Pictures with short captions:
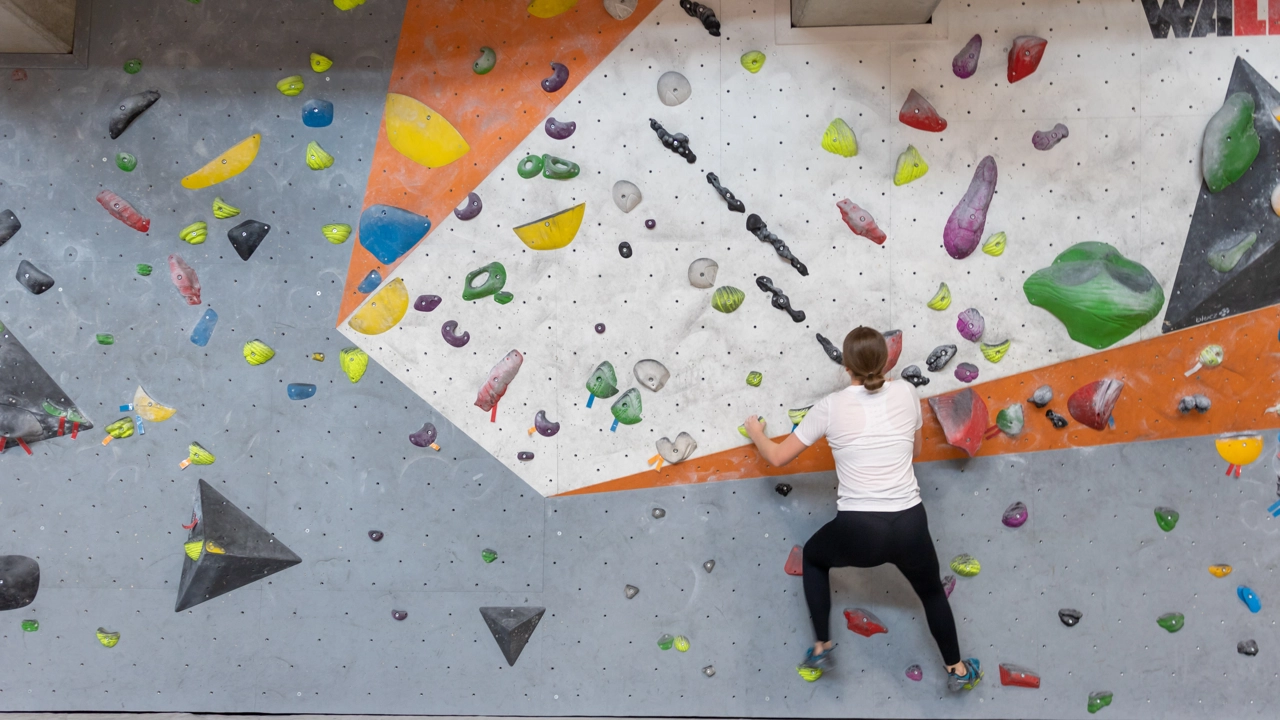 Linnea Eriksson climbing at IKSU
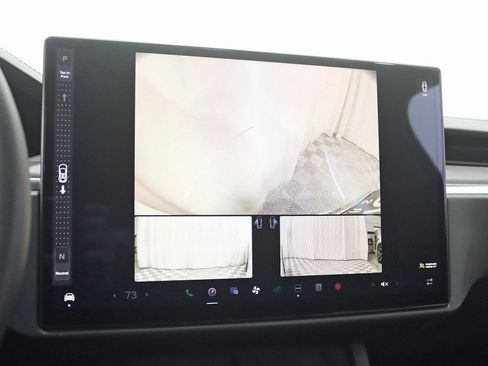 Used 2024 Tesla Model X image 16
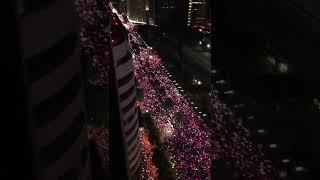 Crowd singing Rosas at Leni Robredo Miting De Avance Makati May 7 2022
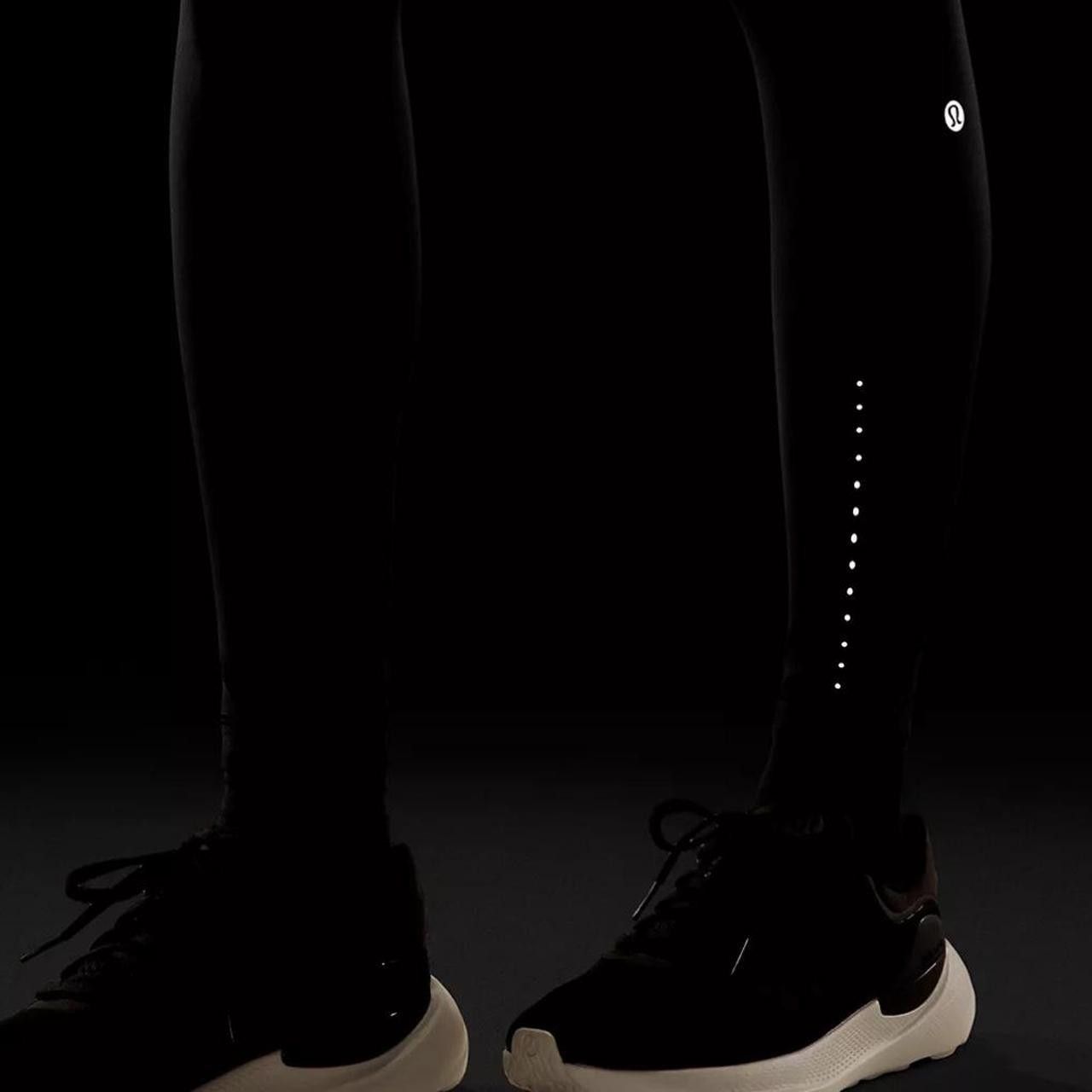 Lululemon Lululemon Women's Black Legging Size 28" / US 6 / IT 42 - 6 Thumbnail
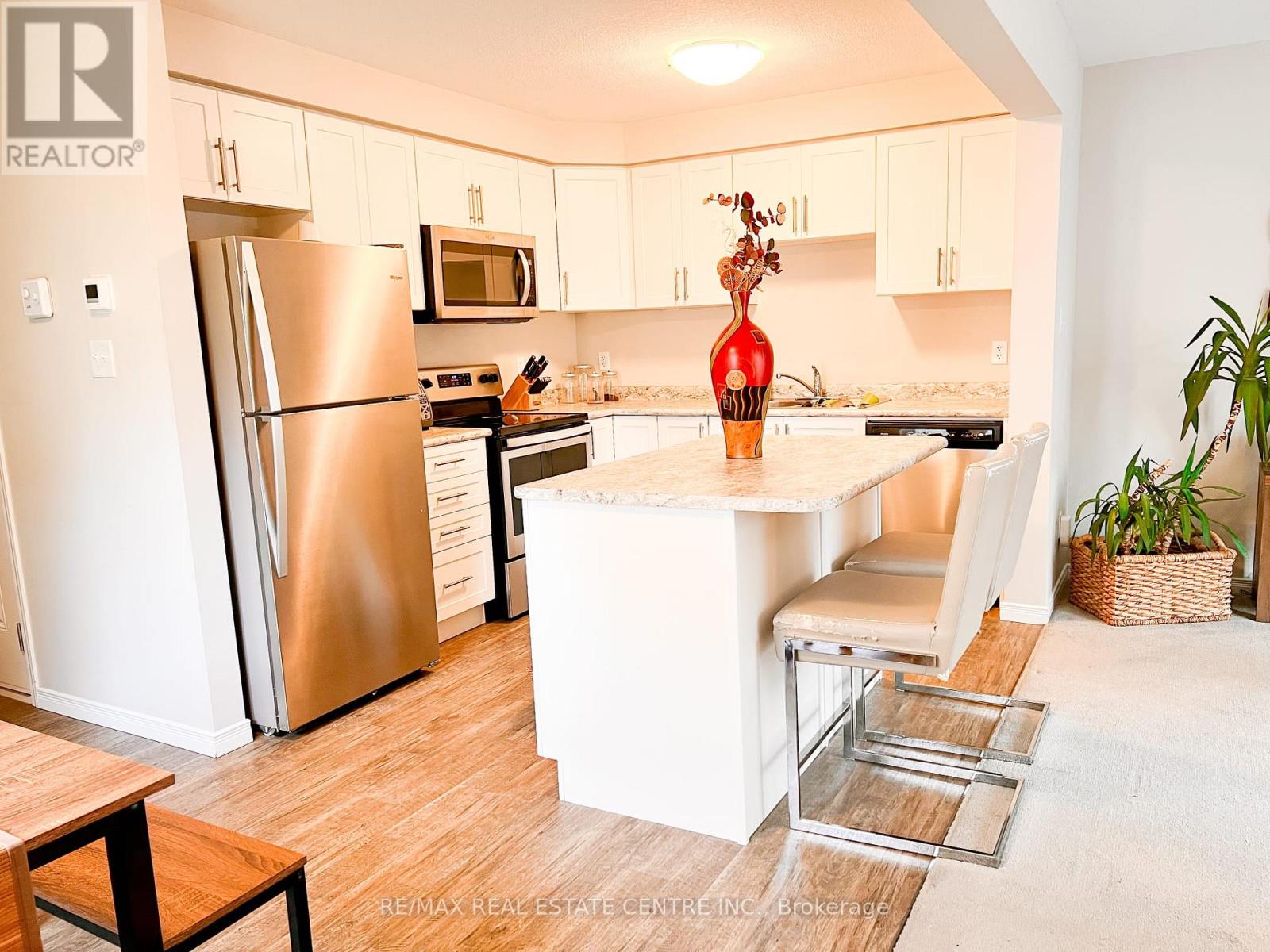 36 - 50 Pinnacle Drive, Kitchener, Ontario  N2P 0H8 - Photo 3 - X12834894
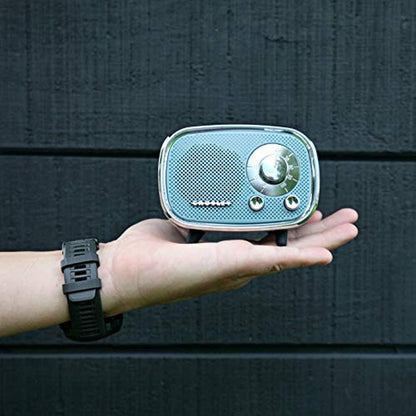 Crosley CR3039A-TN Rondo Retro Portable Rechargeable – Close-up Detail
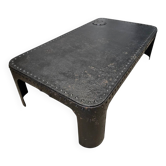 Table basse industrielle en métal riveté vers 1920 – patine noire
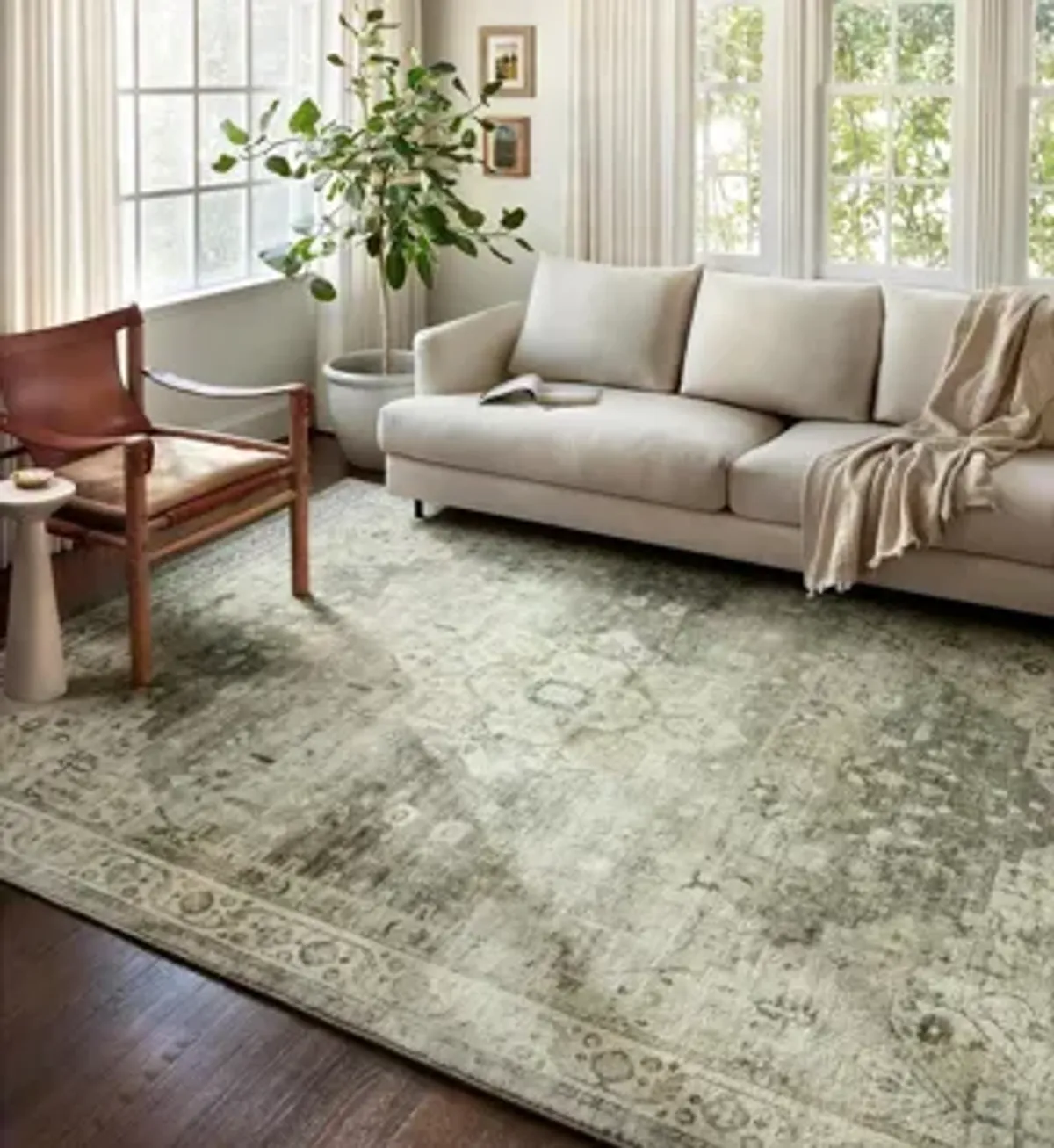 Rosette Accent Rug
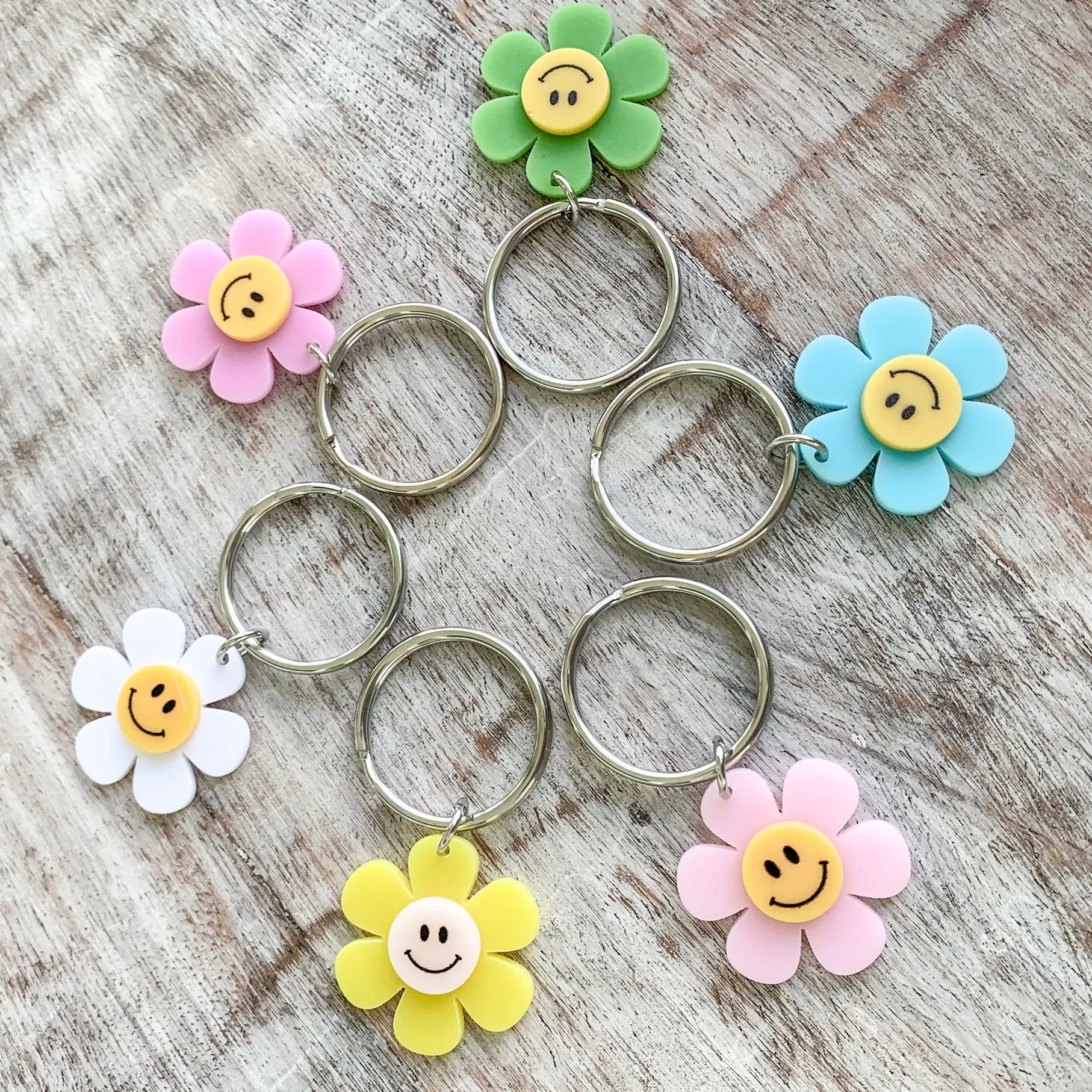 Smiley Daisy Keychain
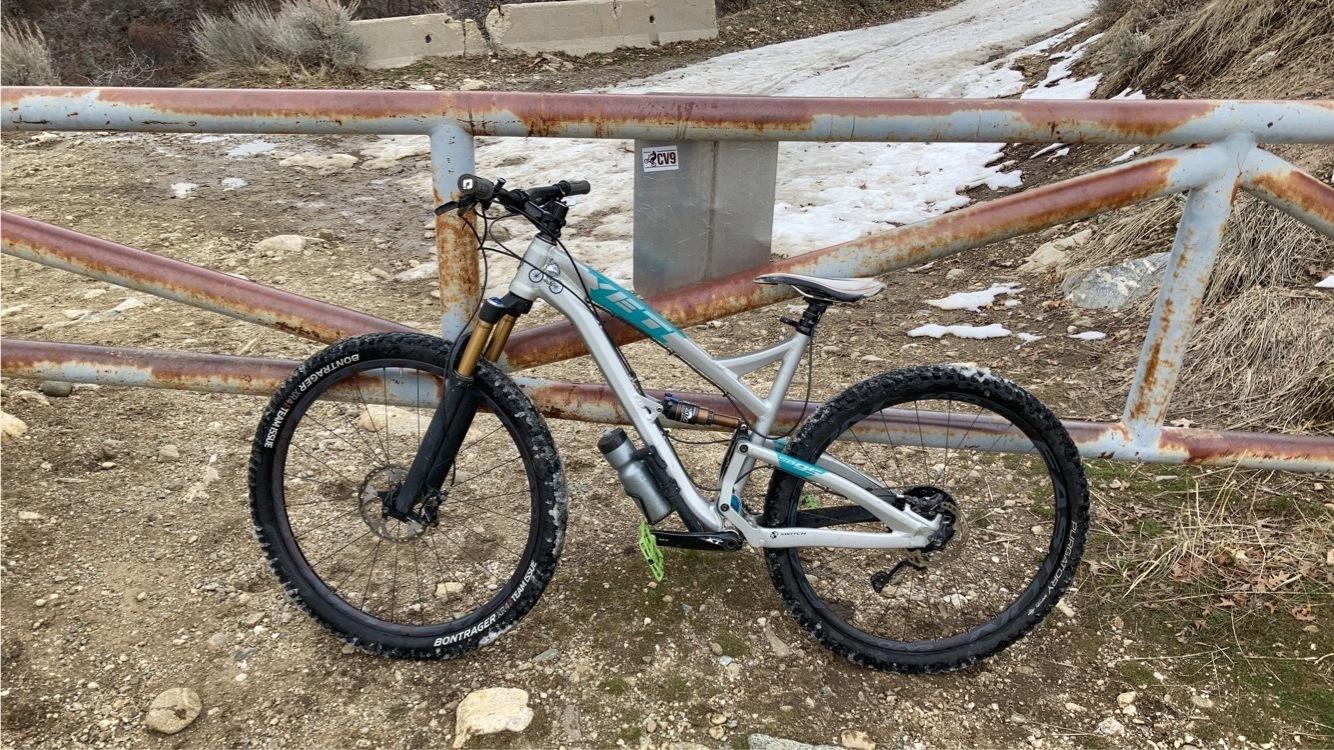 Yeti sb95 Silver, gray or bare metal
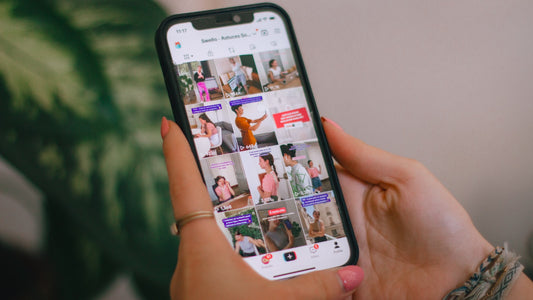 Mulher usando redes sociais no celular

Task objective
Every line from the one holding "Used 2024 Tesla Model X image 16" through the final line of the data above is to be reproduced exactly, both ends included, with the pictures left out.

Exercise answer
 Used 2024 Tesla Model X image 16
 Crowd singing Rosas at Leni Robredo Miting De Avance Makati May 7 2022
 Lululemon Lululemon Women's Black Legging Size 28" / US 6 / IT 42 - 6 Thumbnail
 36 - 50 Pinnacle Drive, Kitchener, Ontario  N2P 0H8 - Photo 3 - X12834894
 Crosley CR3039A-TN Rondo Retro Portable Rechargeable – Close-up Detail
 Table basse industrielle en métal riveté vers 1920 – patine noire
 Rosette Accent Rug
 Smiley Daisy Keychain
 Yeti sb95 Silver, gray or bare metal
 Mulher usando redes sociais no celular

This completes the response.